Grand Diomande Research · Full HTML Reader

Graph Kernel Benchmark Evaluation

The Graph Kernel service at `localhost:8001` was evaluated against three baseline retrieval methods across 27 queries in 5 categories. The evaluation reveals that the Graph Kernel is **not a general-purpose search engine** — it's a **deterministic context slicing engine** with a bolted-on knowledge graph. Its real value lies in provenance-tracked, policy-governed context construction — not keyword matching.

Agents That Account for Themselves experiment experiment writeup candidate score 40 .md

Full Public Reader

Graph Kernel Benchmark Evaluation

Date: 2026-02-13
Version: Graph Kernel v0.1.0, Schema v1.0.0
Author: Automated benchmark suite

---

Executive Summary

The Graph Kernel service at `localhost:8001` was evaluated against three baseline retrieval methods across 27 queries in 5 categories. The evaluation reveals that the Graph Kernel is not a general-purpose search engine — it's a deterministic context slicing engine with a bolted-on knowledge graph. Its real value lies in provenance-tracked, policy-governed context construction — not keyword matching.

Verdict: Worth the operational complexity if you need deterministic, auditable context construction. The knowledge graph query layer needs significant improvement to compete with even naive baselines for ad-hoc search.

---

1. System Under Test

### Graph Kernel (localhost:8001)
- Language: Rust (Axum + sqlx)
- Storage: PostgreSQL (Supabase-hosted, remote)
- Data: 2,681 knowledge triples (subject–predicate–object), 70 unique subjects, 39 unique predicates
- Source: Kimi-K2 memory extraction (synced from conversation history)
- Primary purpose: Deterministic context slicing for conversation DAGs
- Secondary purpose: Knowledge graph triple store (the `/api/knowledge` endpoint we're benchmarking)

### Baselines
| Method | Description |
|--------|------------|
| Keyword | Substring matching across `subject + predicate + object` text |
| BM25 | Classic Okapi BM25 (k1=1.5, b=0.75) over the same triple corpus |
| RAG++ (localhost:8000) | Vector similarity search over 107K+ conversation turns (embeddings) |

### Important Context
The Graph Kernel and baselines 1–3 operate on different data:
- Graph Kernel / Keyword / BM25: 2,681 structured triples (extracted knowledge)
- RAG++: 107K+ raw conversation turns (original text with embeddings)
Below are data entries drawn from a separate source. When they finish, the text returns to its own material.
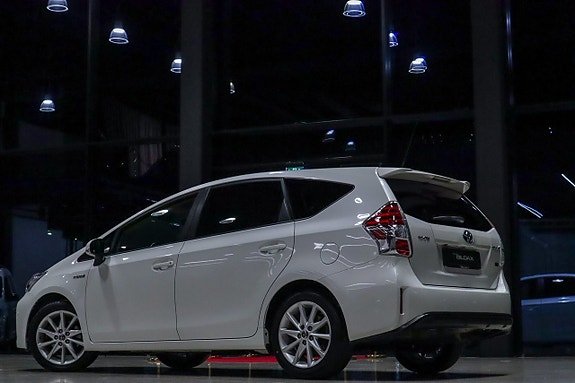 Toyota Prius+ 3 of 18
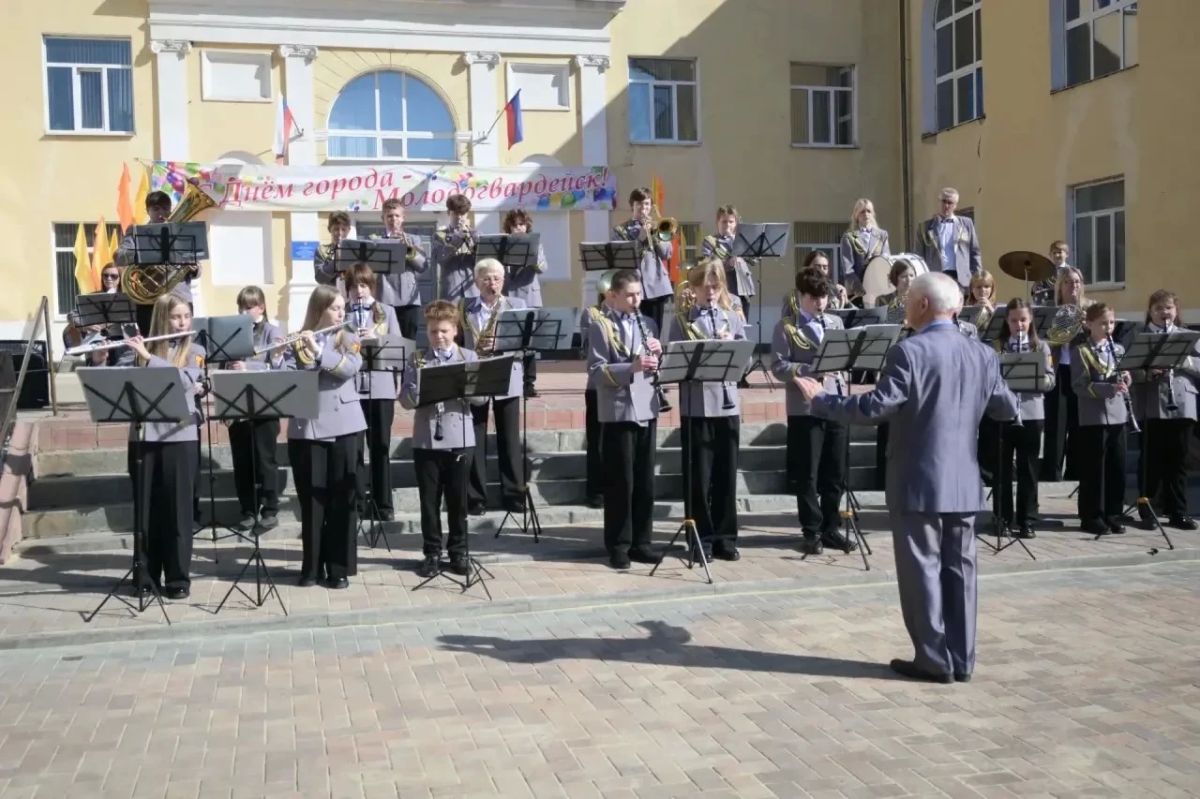 В Молодогвардейске заложили камень на месте будущего памятника участникам СВО и открыли обновлённое общественное пространство В Молодогвардейске заложили камень на месте будущего памятника участникам СВО и открыли обновлённое общественное пространство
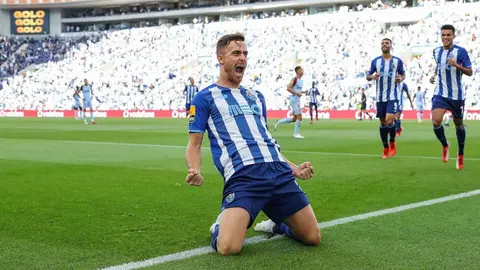 Toni Mart&iacute;nez podr&iacute;a ser el delantero que busca el C&aacute;diz CF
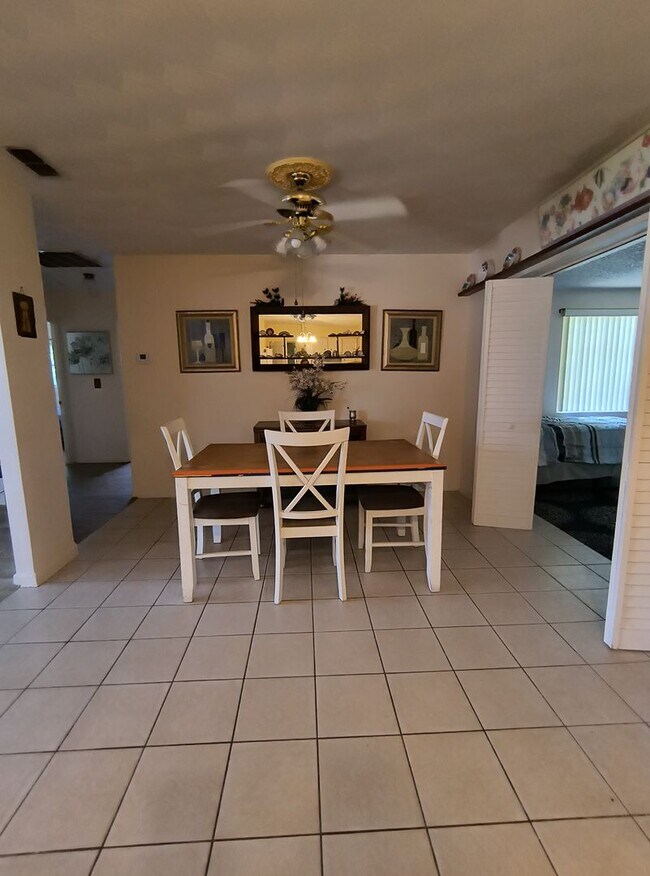 Building Photo - Spacious 3-Bedroom 1.5 Bathroom House for ...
This means RAG++ results are not directly comparable for precision — it searches a fundamentally different and much larger corpus. We include it to understand the semantic retrieval landscape.

---

2. Methodology

### Query Categories (27 total queries)
| Category | Count | Tests |
|----------|-------|-------|
| Factual Recall | 6 | Direct attribute lookups ("What does X use?") |
| Relationship | 6 | Dependency/integration mapping ("What depends on X?") |
| Multi-hop | 5 | 2-hop graph traversal ("X → Y → Z") |
| Fuzzy/Semantic | 5 | Loose topic matching ("anything about skating") |
| Predicate-specific | 5 | Structured predicate filters ("likes", "should", "has_file") |

### Metrics
- Response time (ms): Wall-clock latency including network round-trip
- Result count: Number of results returned
- Relevance score (0–1): Fraction of expected terms found in results

### Graph Kernel query strategy
- Factual/Relationship/Predicate queries use the `/api/knowledge` endpoint with exact `subject`, `predicate`, and/or `object` filters
- Multi-hop queries use sequential API calls: fetch triples for subject → follow objects → fetch triples for new subjects
- Fuzzy queries use the general endpoint (no filters) or predicate filters

---

3. Results

3.1 Per-Category Performance

#### Factual Recall
| Method | Avg Latency | Avg Results | Avg Relevance |
|--------|-------------|-------------|---------------|
| Graph Kernel | 248.3 ms | 3.7 | 1.00 |
| Keyword | 2.7 ms | 20.0 | 1.00 |
| BM25 | 9.0 ms | 18.2 | 1.00 |
| RAG++ | 421.9 ms | 10.0 | 0.92 |

Analysis: All triple-based methods achieve perfect relevance on factual recall. Graph Kernel is slower because every query hits a remote PostgreSQL instance over the network (~200ms baseline). Keyword/BM25 operate in-memory. RAG++ misses some factual queries because conversation turn text doesn't always contain the exact entity name (e.g., "Mohamed" appears in conversation context but not always explicitly).

#### Relationship Queries
| Method | Avg Latency | Avg Results | Avg Relevance |
|--------|-------------|-------------|---------------|
| Graph Kernel | 204.3 ms | 9.5 | 0.94 |
| Keyword | 2.8 ms | 19.3 | 1.00 |
| BM25 | 8.7 ms | 12.3 | 1.00 |
| RAG++ | 336.4 ms | 10.0 | 0.69 |

Analysis: Graph Kernel returns precisely scoped results (only matching triples), while keyword/BM25 return many partially-matching results. The GK 0.94 relevance drop comes from one query where "GCP" wasn't in the `deploys_to` results (it uses "Google Cloud Platform" instead). RAG++ struggles with relationship queries — it wasn't designed to express "A depends on B" relationships.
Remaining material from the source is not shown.